On our drive from Chicago to South Dakota, we turned down the music for a while to interview a Chicago psychologist, David. David’s sister, who is four years younger than he, was born prematurely and suffers from physical and mental retardation and severe mental illness. She was diagnosed with 18q Minus Syndrome when she was 18 after the completion of the Human Genome Project. He described her as “very smart, very eloquent, but also very evil and conniving.” He described her as the type of person that does much better in situations that involve boundaries and rules. Throughout his life, David has gone to IEP/ILP meetings with his parents, has been involved in processes relating to her medicines and living situations, and has a very open communication current with his parents regarding his sister and her life. He depicted his desensitization from being embarrassed in public, his confusion about whether his sister’s tantrums are a part of a personality or a factor of her disability (a very common incertitude we have seen over this trip), and his realization that his sister lacks empathy, which makes having a relationship with her tremendously difficult. “There are certainly times when she would throw tantrums for the sake of getting her way and it’s just very difficult sometimes to tell whether this is her trying to get her way or [her] being a relatively disabled person.”

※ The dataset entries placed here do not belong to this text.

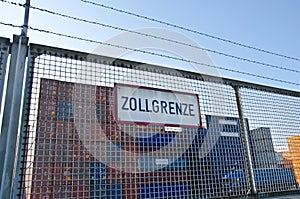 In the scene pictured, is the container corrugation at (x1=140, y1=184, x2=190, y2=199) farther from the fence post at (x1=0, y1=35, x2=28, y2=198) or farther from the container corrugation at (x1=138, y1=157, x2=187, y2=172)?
the fence post at (x1=0, y1=35, x2=28, y2=198)

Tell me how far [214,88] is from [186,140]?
1.96ft

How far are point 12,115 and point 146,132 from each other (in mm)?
1017

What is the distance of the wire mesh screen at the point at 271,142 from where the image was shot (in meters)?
2.32

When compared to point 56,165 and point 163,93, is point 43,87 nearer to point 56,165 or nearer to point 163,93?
point 56,165

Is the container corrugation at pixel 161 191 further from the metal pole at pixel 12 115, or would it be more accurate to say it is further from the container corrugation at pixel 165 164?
the metal pole at pixel 12 115

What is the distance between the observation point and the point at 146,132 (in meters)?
1.97

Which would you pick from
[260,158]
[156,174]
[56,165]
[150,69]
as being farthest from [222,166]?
[56,165]

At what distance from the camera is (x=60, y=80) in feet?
5.32

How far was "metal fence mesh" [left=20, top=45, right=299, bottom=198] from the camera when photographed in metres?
1.50

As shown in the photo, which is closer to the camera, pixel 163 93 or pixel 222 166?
pixel 163 93

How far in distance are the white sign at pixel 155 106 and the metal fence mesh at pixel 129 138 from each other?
0.14 feet

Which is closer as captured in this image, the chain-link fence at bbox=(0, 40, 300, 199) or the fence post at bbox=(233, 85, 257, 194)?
the chain-link fence at bbox=(0, 40, 300, 199)

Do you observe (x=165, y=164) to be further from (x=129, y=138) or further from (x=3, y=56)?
(x=3, y=56)

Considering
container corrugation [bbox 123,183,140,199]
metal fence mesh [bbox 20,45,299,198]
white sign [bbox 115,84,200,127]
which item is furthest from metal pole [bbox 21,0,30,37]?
container corrugation [bbox 123,183,140,199] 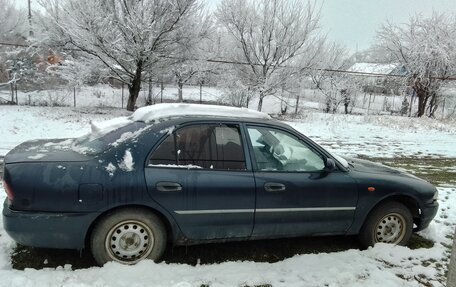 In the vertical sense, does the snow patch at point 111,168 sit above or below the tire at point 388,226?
above

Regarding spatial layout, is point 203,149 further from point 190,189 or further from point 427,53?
point 427,53

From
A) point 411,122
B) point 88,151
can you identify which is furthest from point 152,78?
point 88,151

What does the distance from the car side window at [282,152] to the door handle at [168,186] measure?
94cm

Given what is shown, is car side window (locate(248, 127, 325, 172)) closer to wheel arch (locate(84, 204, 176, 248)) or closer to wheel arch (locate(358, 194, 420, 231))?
wheel arch (locate(358, 194, 420, 231))

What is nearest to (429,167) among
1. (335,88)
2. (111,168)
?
(111,168)

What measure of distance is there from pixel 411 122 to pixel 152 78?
14.3 meters

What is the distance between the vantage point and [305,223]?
400 cm

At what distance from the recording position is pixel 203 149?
12.2 feet

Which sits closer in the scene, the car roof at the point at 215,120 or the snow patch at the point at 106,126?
the car roof at the point at 215,120

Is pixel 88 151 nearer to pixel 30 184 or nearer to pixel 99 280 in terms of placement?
pixel 30 184

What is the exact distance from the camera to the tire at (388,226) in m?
4.29

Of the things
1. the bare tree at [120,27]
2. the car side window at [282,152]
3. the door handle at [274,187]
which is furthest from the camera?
the bare tree at [120,27]

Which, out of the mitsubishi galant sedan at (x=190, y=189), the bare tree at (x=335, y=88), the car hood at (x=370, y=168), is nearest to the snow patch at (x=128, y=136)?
the mitsubishi galant sedan at (x=190, y=189)

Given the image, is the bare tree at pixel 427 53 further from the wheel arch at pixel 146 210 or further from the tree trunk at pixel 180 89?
the wheel arch at pixel 146 210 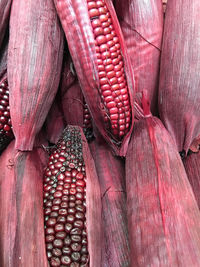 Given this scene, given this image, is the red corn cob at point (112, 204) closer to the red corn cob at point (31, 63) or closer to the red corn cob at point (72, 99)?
the red corn cob at point (72, 99)

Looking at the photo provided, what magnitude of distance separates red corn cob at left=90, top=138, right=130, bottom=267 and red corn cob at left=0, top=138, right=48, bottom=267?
20cm

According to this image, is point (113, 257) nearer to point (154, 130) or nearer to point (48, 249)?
point (48, 249)

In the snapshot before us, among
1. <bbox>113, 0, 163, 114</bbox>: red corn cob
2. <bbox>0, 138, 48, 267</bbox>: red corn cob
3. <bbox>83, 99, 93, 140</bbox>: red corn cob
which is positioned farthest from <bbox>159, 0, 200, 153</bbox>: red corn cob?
<bbox>0, 138, 48, 267</bbox>: red corn cob

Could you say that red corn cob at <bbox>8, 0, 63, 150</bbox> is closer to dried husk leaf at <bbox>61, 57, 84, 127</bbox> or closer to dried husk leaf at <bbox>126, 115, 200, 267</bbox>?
dried husk leaf at <bbox>61, 57, 84, 127</bbox>

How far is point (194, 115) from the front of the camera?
35.8 inches

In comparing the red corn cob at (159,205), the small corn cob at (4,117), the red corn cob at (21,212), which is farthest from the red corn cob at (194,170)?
the small corn cob at (4,117)

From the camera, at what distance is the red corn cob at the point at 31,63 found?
2.68 ft

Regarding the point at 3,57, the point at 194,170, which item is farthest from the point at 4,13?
the point at 194,170

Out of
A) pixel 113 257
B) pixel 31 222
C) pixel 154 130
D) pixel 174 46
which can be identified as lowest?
pixel 113 257

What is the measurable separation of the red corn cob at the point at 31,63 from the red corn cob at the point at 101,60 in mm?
79

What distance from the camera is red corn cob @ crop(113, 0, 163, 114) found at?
96cm

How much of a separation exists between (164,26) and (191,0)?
0.41 feet

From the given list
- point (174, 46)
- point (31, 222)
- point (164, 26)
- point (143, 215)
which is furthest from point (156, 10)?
point (31, 222)

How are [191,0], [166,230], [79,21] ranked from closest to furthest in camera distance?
[166,230], [79,21], [191,0] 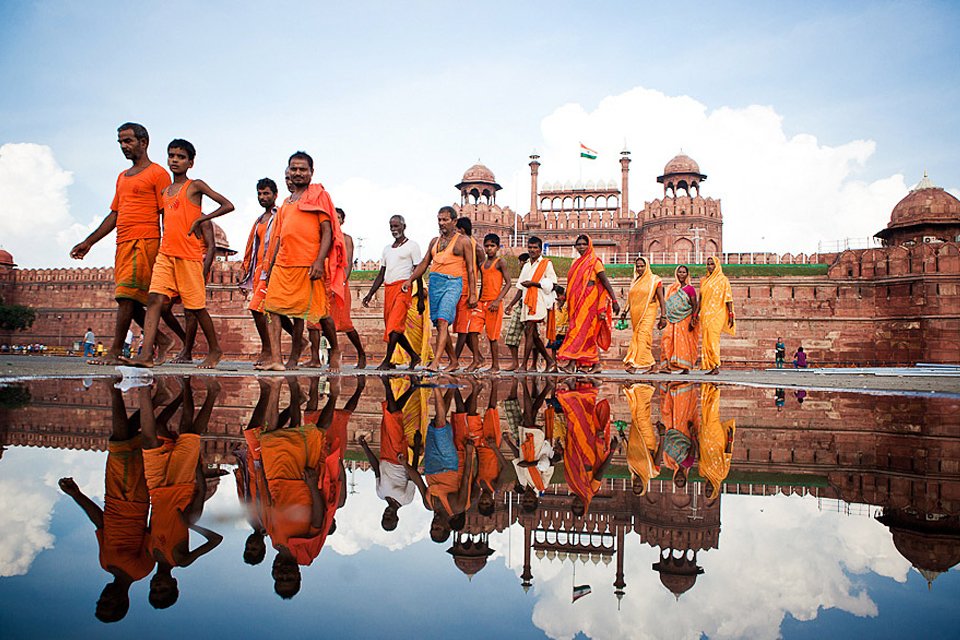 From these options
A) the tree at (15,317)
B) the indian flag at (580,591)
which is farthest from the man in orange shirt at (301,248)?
the tree at (15,317)

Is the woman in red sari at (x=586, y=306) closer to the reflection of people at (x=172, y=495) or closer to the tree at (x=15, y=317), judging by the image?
the reflection of people at (x=172, y=495)

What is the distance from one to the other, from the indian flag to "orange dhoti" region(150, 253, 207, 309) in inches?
183

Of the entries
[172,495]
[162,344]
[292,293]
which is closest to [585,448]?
[172,495]

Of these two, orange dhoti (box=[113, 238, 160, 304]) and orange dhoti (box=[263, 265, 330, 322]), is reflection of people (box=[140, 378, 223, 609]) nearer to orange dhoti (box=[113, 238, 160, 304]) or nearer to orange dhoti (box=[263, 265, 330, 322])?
orange dhoti (box=[263, 265, 330, 322])

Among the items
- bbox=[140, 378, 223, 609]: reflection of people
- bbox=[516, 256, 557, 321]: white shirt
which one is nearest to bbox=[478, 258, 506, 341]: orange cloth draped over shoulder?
bbox=[516, 256, 557, 321]: white shirt

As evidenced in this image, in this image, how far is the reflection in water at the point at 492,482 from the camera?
1.11 metres

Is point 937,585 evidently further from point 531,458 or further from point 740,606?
point 531,458

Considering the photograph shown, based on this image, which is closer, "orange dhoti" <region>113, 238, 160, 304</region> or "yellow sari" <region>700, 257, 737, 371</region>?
"orange dhoti" <region>113, 238, 160, 304</region>

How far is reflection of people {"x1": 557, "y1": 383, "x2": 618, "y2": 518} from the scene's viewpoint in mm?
1715

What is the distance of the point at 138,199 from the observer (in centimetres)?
536

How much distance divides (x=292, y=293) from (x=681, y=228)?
3110 centimetres

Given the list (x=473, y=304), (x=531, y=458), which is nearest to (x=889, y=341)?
(x=473, y=304)

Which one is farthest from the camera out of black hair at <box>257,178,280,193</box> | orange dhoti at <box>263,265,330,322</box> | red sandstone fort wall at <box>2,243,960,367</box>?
red sandstone fort wall at <box>2,243,960,367</box>

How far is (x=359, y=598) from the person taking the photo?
0.95m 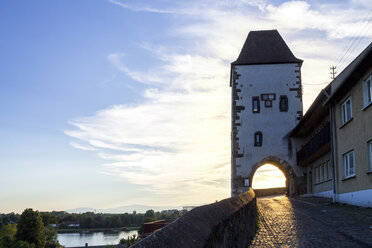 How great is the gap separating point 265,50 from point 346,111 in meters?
19.5

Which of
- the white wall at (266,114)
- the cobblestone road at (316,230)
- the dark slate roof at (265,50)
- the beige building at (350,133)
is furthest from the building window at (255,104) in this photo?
the cobblestone road at (316,230)

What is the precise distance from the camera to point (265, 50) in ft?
125

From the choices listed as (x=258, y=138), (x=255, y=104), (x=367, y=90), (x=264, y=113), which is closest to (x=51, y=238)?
(x=258, y=138)

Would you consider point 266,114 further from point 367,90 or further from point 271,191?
point 367,90

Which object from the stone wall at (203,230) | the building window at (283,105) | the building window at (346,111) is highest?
the building window at (283,105)

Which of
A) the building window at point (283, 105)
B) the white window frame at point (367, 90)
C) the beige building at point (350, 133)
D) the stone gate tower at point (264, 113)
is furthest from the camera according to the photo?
the building window at point (283, 105)

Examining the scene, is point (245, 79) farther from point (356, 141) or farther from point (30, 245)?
point (30, 245)

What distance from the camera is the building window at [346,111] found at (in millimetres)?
19234

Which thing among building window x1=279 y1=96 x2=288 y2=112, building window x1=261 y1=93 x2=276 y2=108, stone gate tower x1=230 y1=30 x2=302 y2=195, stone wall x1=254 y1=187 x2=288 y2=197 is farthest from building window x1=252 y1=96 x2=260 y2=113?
stone wall x1=254 y1=187 x2=288 y2=197

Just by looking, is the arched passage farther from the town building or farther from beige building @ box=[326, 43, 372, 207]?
beige building @ box=[326, 43, 372, 207]

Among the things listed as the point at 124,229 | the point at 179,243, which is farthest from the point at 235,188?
the point at 124,229

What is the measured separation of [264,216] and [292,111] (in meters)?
22.4

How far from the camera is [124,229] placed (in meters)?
193

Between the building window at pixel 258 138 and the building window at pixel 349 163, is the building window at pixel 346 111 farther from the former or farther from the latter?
the building window at pixel 258 138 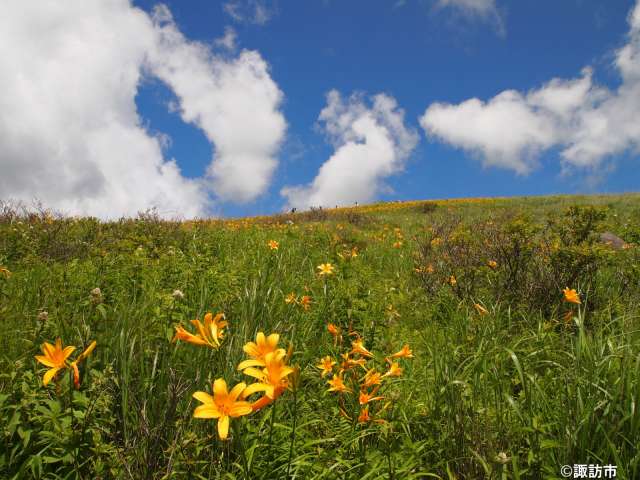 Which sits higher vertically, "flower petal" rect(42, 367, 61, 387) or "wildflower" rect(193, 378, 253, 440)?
"flower petal" rect(42, 367, 61, 387)

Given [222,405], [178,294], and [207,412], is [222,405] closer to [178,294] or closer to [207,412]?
[207,412]

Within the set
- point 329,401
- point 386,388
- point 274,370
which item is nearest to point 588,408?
point 386,388

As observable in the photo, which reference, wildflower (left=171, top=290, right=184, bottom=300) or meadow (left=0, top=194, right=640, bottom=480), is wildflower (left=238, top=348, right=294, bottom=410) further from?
wildflower (left=171, top=290, right=184, bottom=300)

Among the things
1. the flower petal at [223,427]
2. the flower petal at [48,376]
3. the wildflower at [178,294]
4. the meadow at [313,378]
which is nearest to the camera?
the flower petal at [223,427]

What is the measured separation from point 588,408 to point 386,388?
1029 millimetres

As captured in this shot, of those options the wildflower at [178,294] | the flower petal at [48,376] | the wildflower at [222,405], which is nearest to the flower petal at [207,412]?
the wildflower at [222,405]

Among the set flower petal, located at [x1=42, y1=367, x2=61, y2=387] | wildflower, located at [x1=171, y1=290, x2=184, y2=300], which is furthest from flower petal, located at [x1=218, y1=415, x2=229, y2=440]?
wildflower, located at [x1=171, y1=290, x2=184, y2=300]

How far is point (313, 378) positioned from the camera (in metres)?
2.46

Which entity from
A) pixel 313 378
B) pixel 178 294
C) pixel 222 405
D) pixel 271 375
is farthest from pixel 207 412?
pixel 313 378

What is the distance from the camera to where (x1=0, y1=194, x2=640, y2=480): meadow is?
1.68 meters

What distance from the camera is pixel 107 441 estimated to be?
78.4 inches

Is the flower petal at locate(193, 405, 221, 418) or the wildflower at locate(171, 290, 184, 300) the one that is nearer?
the flower petal at locate(193, 405, 221, 418)

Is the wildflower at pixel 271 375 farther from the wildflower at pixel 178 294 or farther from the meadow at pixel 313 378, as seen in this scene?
the wildflower at pixel 178 294

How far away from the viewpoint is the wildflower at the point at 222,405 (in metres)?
1.06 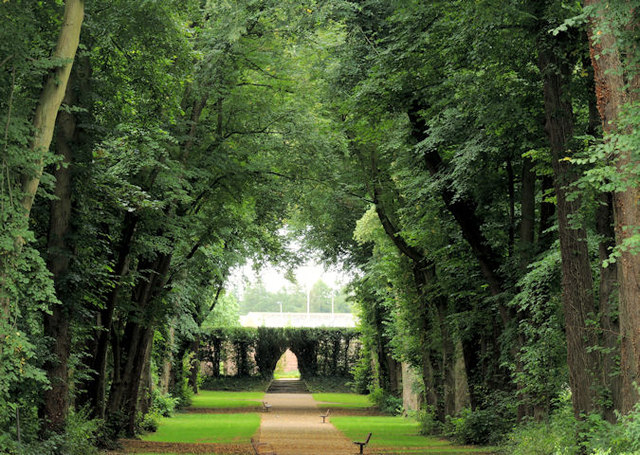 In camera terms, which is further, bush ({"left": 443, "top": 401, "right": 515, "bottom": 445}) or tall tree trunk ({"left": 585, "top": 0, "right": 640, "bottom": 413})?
bush ({"left": 443, "top": 401, "right": 515, "bottom": 445})

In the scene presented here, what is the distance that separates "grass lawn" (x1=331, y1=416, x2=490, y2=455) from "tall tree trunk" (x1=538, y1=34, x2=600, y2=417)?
5.88m

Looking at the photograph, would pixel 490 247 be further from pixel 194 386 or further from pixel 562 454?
pixel 194 386

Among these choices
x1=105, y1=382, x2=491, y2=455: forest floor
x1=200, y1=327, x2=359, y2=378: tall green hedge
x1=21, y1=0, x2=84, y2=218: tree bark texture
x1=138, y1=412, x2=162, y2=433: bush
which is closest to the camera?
x1=21, y1=0, x2=84, y2=218: tree bark texture

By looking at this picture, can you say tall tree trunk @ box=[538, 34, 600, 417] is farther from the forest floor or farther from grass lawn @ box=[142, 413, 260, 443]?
grass lawn @ box=[142, 413, 260, 443]

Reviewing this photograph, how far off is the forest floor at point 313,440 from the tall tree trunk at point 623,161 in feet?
26.7

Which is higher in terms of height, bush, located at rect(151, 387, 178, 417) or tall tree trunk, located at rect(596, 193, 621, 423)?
tall tree trunk, located at rect(596, 193, 621, 423)

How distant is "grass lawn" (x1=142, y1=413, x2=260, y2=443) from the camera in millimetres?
19922

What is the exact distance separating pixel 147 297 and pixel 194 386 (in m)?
24.0

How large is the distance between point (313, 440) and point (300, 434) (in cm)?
200

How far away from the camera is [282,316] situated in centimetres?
10875

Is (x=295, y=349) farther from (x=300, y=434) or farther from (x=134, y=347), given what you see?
(x=134, y=347)

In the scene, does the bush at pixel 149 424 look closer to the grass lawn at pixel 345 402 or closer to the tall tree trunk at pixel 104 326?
the tall tree trunk at pixel 104 326

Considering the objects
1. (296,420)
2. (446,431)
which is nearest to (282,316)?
(296,420)

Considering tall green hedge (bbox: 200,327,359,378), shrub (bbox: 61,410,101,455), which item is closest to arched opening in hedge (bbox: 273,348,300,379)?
tall green hedge (bbox: 200,327,359,378) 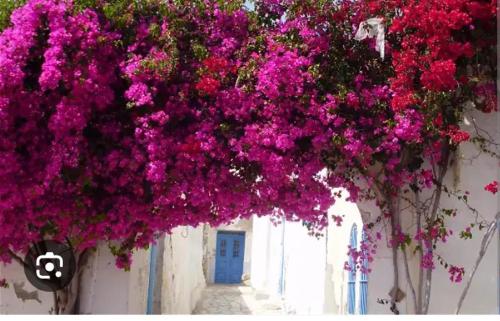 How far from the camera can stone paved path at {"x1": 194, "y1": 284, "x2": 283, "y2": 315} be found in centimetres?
1446

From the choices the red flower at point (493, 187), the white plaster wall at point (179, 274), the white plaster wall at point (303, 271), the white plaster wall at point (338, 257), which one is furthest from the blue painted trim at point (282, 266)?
the red flower at point (493, 187)

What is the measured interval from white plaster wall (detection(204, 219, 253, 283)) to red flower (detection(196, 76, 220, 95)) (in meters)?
17.5

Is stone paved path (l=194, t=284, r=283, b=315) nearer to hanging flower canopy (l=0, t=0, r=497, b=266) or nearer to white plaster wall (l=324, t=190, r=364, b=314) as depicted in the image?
white plaster wall (l=324, t=190, r=364, b=314)

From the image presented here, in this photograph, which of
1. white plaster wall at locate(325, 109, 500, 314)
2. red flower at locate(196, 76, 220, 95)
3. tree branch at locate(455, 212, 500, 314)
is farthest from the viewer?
white plaster wall at locate(325, 109, 500, 314)

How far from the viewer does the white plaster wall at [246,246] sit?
22688 millimetres

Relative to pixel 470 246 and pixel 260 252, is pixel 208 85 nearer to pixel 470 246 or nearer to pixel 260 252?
pixel 470 246

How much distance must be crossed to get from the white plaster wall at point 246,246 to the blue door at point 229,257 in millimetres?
153

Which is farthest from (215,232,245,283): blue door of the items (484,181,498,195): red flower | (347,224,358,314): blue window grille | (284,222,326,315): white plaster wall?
(484,181,498,195): red flower

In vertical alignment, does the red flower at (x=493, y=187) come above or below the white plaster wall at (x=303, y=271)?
above

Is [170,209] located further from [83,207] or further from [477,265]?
[477,265]

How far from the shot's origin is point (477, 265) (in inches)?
218

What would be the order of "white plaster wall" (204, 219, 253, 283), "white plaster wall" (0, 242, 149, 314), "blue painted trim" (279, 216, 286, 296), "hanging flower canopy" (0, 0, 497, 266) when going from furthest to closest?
"white plaster wall" (204, 219, 253, 283)
"blue painted trim" (279, 216, 286, 296)
"white plaster wall" (0, 242, 149, 314)
"hanging flower canopy" (0, 0, 497, 266)

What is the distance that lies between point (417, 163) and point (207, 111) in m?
2.02

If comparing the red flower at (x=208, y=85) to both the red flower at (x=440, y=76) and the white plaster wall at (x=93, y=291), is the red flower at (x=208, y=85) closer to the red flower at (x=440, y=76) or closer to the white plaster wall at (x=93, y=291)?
the red flower at (x=440, y=76) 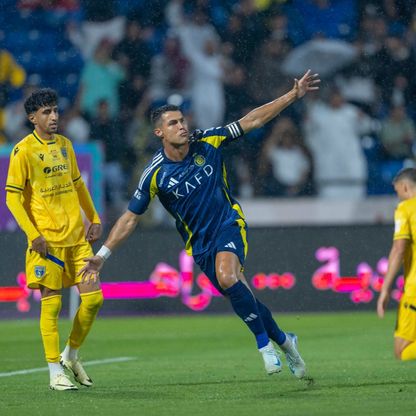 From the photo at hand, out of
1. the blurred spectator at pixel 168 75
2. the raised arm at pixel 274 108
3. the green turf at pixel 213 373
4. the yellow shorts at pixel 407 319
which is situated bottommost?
the green turf at pixel 213 373

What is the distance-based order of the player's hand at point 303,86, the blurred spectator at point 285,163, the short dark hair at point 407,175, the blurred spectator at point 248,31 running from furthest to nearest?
1. the blurred spectator at point 248,31
2. the blurred spectator at point 285,163
3. the player's hand at point 303,86
4. the short dark hair at point 407,175

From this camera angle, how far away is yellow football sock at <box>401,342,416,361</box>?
859 cm

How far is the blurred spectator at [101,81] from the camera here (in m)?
18.5

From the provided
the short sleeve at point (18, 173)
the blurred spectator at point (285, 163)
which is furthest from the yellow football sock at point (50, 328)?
the blurred spectator at point (285, 163)

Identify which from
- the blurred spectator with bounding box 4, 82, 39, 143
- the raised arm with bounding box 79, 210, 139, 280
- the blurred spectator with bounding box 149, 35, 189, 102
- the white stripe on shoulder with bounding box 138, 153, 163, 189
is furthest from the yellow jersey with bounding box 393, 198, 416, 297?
the blurred spectator with bounding box 4, 82, 39, 143

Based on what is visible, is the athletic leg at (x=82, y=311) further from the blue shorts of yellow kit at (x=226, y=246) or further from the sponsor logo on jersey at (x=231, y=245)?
the sponsor logo on jersey at (x=231, y=245)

So, why does he bother staying involved in her caretaking?
David’s story epitomizes a key trend that we have seen over and over on this trip. He told us blatantly that he stays as involved as he is because, at this point, he is “doing things for [his] parents now, more so than [his] sister.” “If my mom didn’t care that I go and see where she lives, then I wouldn’t care.” We have spoken with many primary caregivers whose decisions towards their siblings are intrinsically tied to their feelings about their parents. Many times, older siblings take on more of a role in their sibling’s lives because they feel guilty that their parents are still doing it, that their parents will never see their retirements. Other times, we see siblings who take on adult-roles in their sibling’s lives because they know that after their parents pass on, no one else will. Still other times, we speak with sibling who feel contrite and accept caretaker roles because they know that their parents want them to do so.
As David told us, he is a psychologist that doesn’t “do feelings” in his work with cognitive psychology. Sometimes, as we have seen numerous times along this journey, the best role to take on during long-term care is the one that you are comfortable with the most, even if it involves more overseeing than seeing.